Die kurvige Fahrt den Berg hinunter ist aufregend. Auf Grund der Überladung, der steilen Kurven und des alterschwachen Zustand des Busses hat es in fast jeder Kurve den Anschein als ob wir gleich eine unfreiwillige Abkürzung nehmen. In zwei, drei Kurven schabt der Bus sogar zentimetertief durch den Asphalt. Aber durch geschickte Gewichtsverlagerung der Insassen kommen wir unbeschadet unten an.
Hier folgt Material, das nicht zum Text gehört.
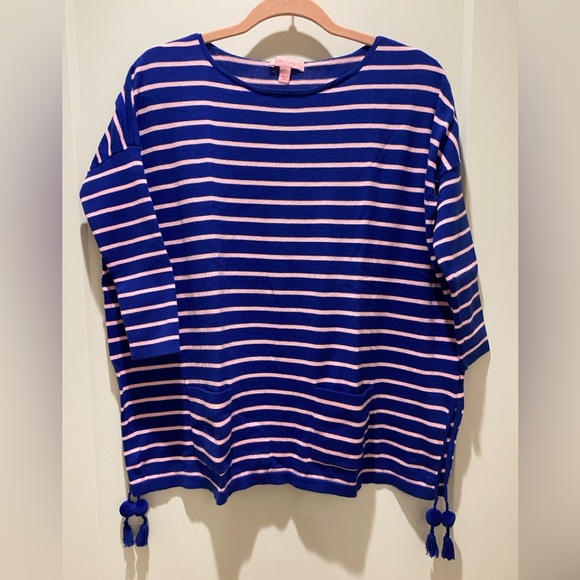 Lilly Pulitzer Elba Sweater, Twilight Blue, Coastal Shell Stripe, Size XS - Picture 3 of 8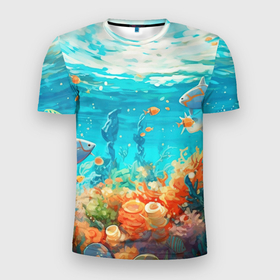 Мужская футболка 3D Slim с принтом Морской  подводный мир в Кировске, 100% полиэстер с улучшенными характеристиками | приталенный силуэт, круглая горловина, широкие плечи, сужается к линии бедра | Тематика изображения на принте: 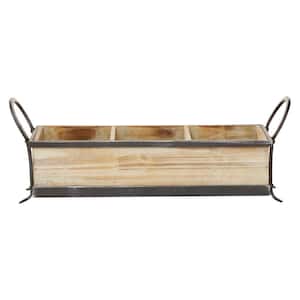 Brown Wood Decorative Tray with Dividers
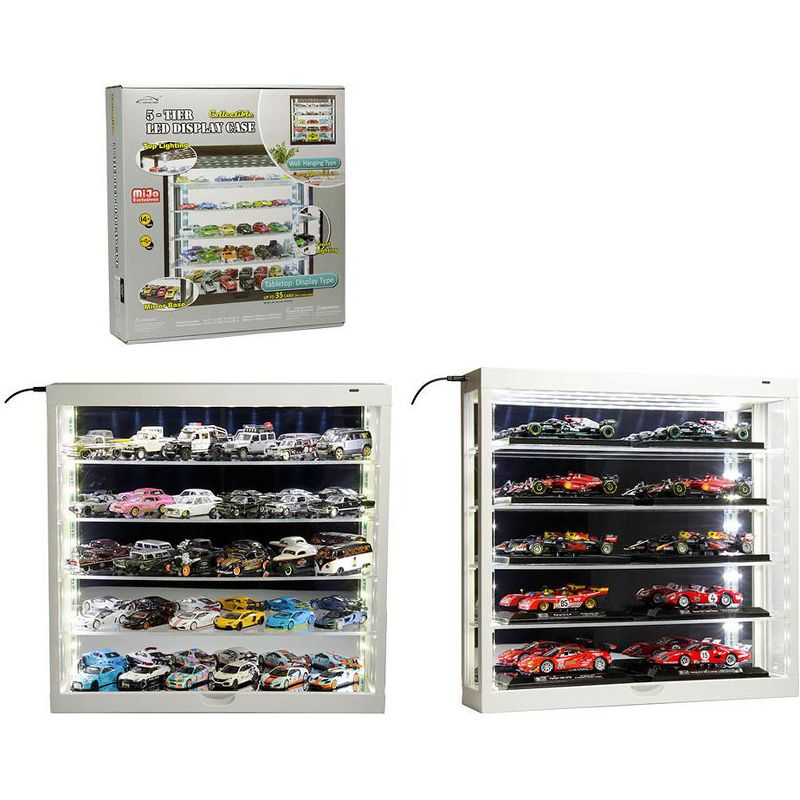 Showcase Wall Mount 5 Tier Display Case White with Mirror Back Panel "Mijo Exclusives" for 1/64-1/43 Scale Models
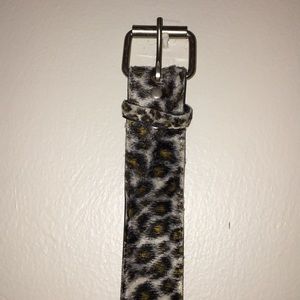 Animal fur print belt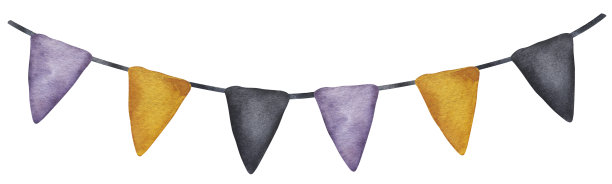 旗呈三角形，喜庆黑橙紫旗。万圣节快乐收藏。卡通剪贴画，简单的幽灵图片。手绘水彩插图孤立的白色背景图片下载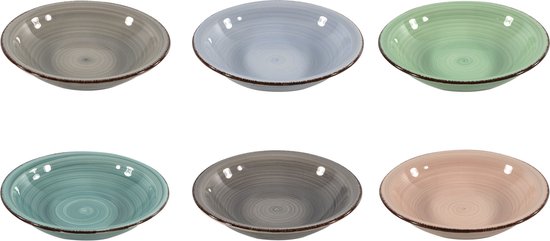 Tavola - Diepe borden - Kleur tinten - Azur - Ø21cm - (6 stuks) | bol.com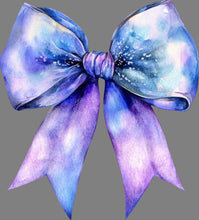 Load image into Gallery viewer, DTF Transfer – IS Watercolor Bow Blue Multi Sizes

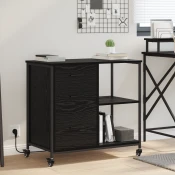 Vidaxl Pisarniška omara Črni hrast 76 x 41 x 72 cm Konstruiran les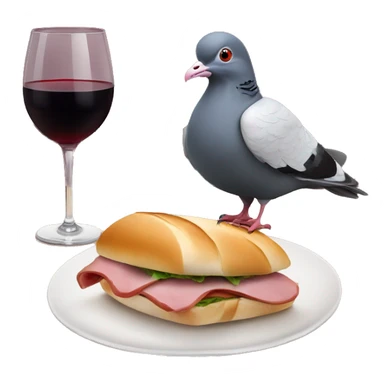 Pigeon with a PSG football club hat enjoying a red wine glass and lying on a ham and butter baguette sandwich sticker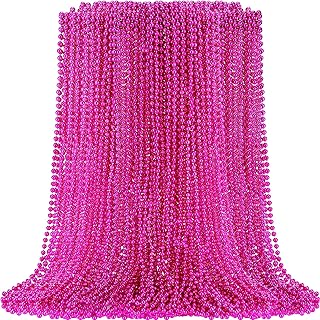 Batiyeer 200 Pcs Breast Cancer Awareness Beads Necklaces 31.5 Hot Pink Bead Necklace Metallic Beaded Costume Necklace for Breast Cancer Awareness Gender Reveal Bachelorette Party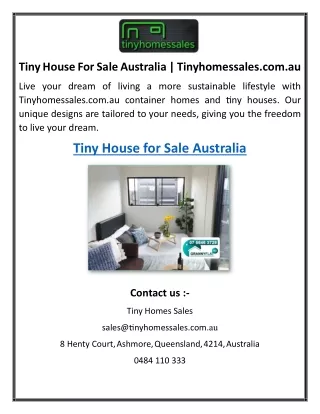 Tiny House For Sale Australia | Tinyhomessales.com.au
Und nach 1 ½ Stunden Fahrt habe ich einen Sitzplatz. Endlich. Doch zu früh gefreut. 5 Minuten später gibt es einen Knall. Der rechte Vorderreifen ist geplatzt. So viel zum Thema Reifenzustand. Alles drängelt aus dem Bus zum Straßenrand und versucht andere Busse zu stoppen. Zum Glück nimmt sich ein freundlicher Inder unserer an und verfrachtet und in den richtigen Bus. Dieser ist natürlich rammelvoll. Doch alle quetschen sich freundlich lächelnd zusammen und so bekommen auch wir Sitzplätze. Ich schließe meinen inneren Frieden mit den Indern.
Später als geplant, aber mit vielen interessanten Eindrücken erreichen wir das Robertsonhaus.